# WHAT THIS TASK INVOLVES:
In this exercise, retype exactly the lines from the start of the entries through the line bearing "Träkök med spis, mikrovågsugn och köksskåp.", leaving every picture out.

Short text fragments from websites:

+++

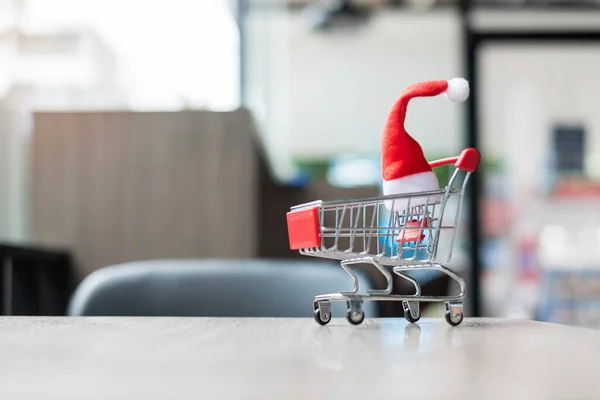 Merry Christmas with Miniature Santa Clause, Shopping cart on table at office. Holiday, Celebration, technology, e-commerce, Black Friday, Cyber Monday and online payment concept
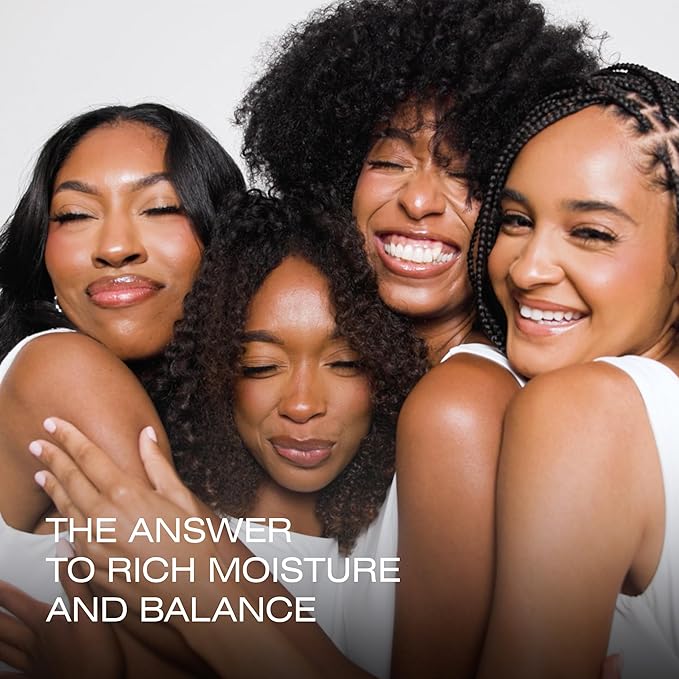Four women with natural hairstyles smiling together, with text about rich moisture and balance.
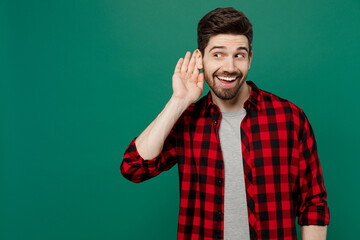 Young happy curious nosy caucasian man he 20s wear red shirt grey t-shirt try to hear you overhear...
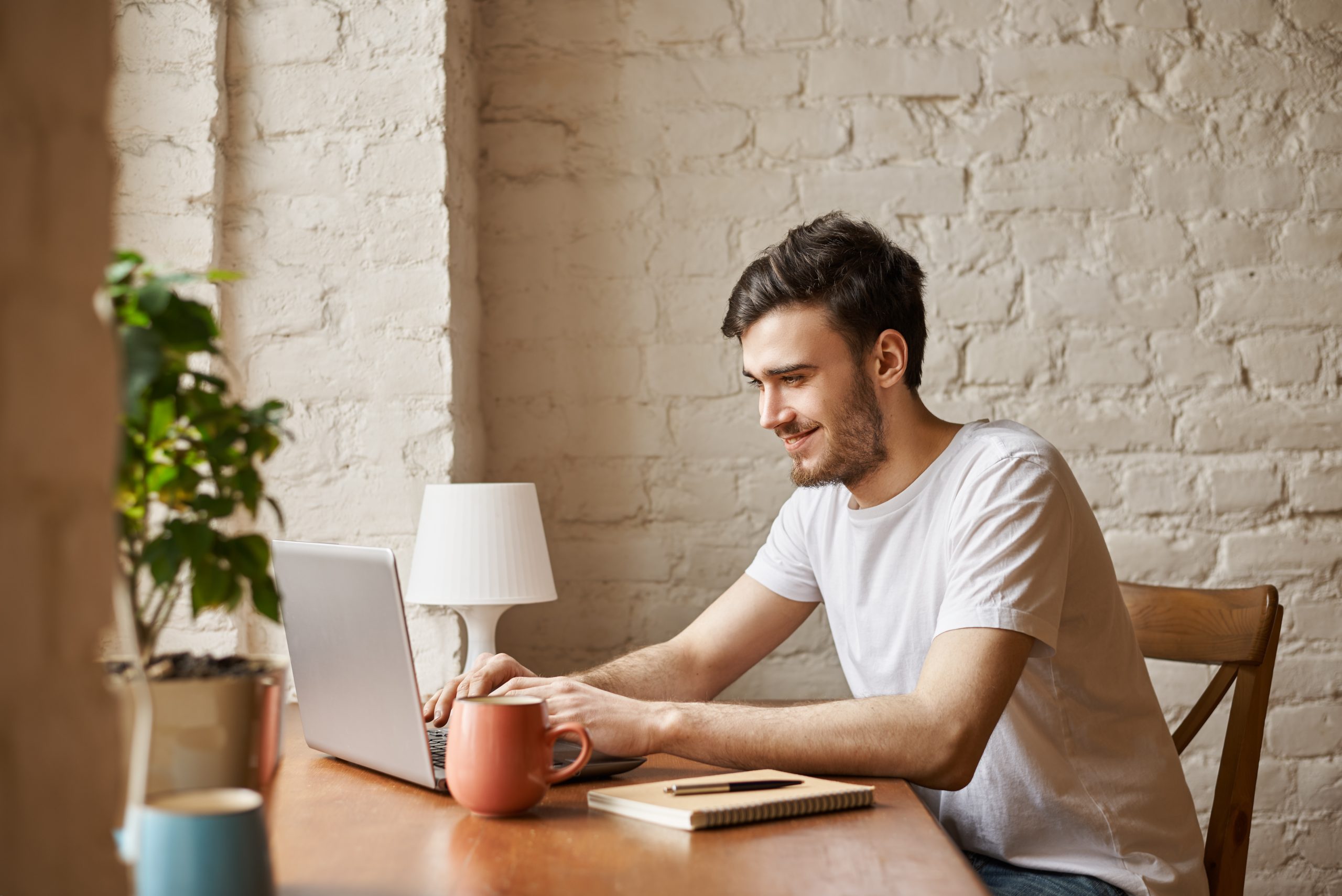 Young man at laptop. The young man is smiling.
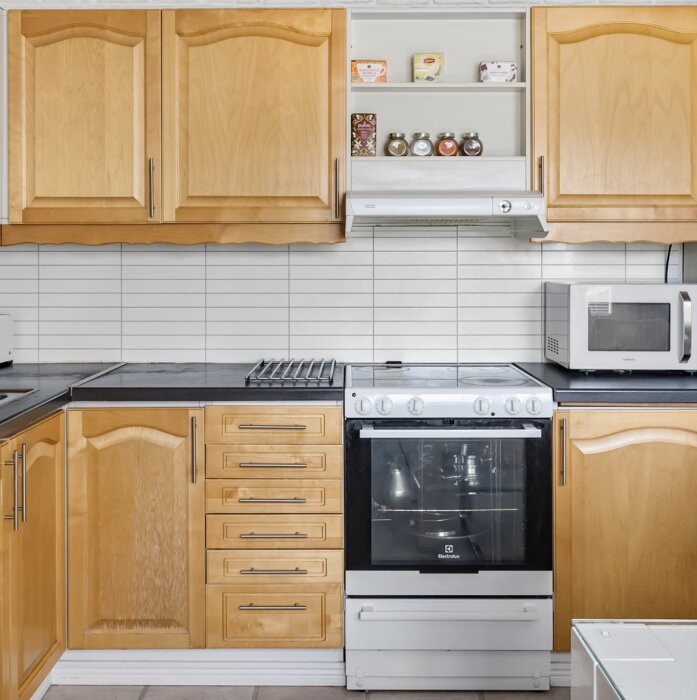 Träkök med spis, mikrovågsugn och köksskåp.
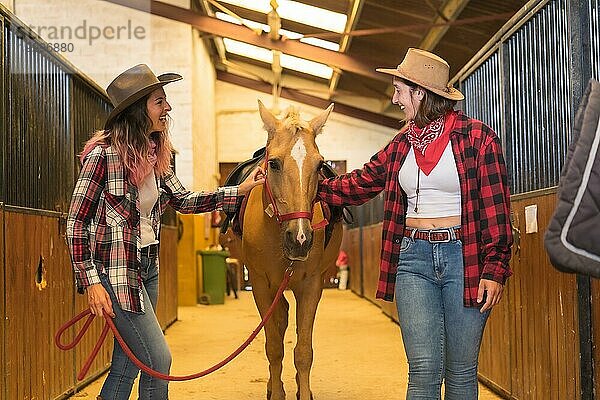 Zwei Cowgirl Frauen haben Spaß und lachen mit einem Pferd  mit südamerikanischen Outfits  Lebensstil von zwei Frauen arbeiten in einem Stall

+++

# SOLUTION FOR THIS TASK:
 Merry Christmas with Miniature Santa Clause, Shopping cart on table at office. Holiday, Celebration, technology, e-commerce, Black Friday, Cyber Monday and online payment concept
Four women with natural hairstyles smiling together, with text about rich moisture and balance.
 Young happy curious nosy caucasian man he 20s wear red shirt grey t-shirt try to hear you overhear...
 Young man at laptop. The young man is smiling.
 Träkök med spis, mikrovågsugn och köksskåp.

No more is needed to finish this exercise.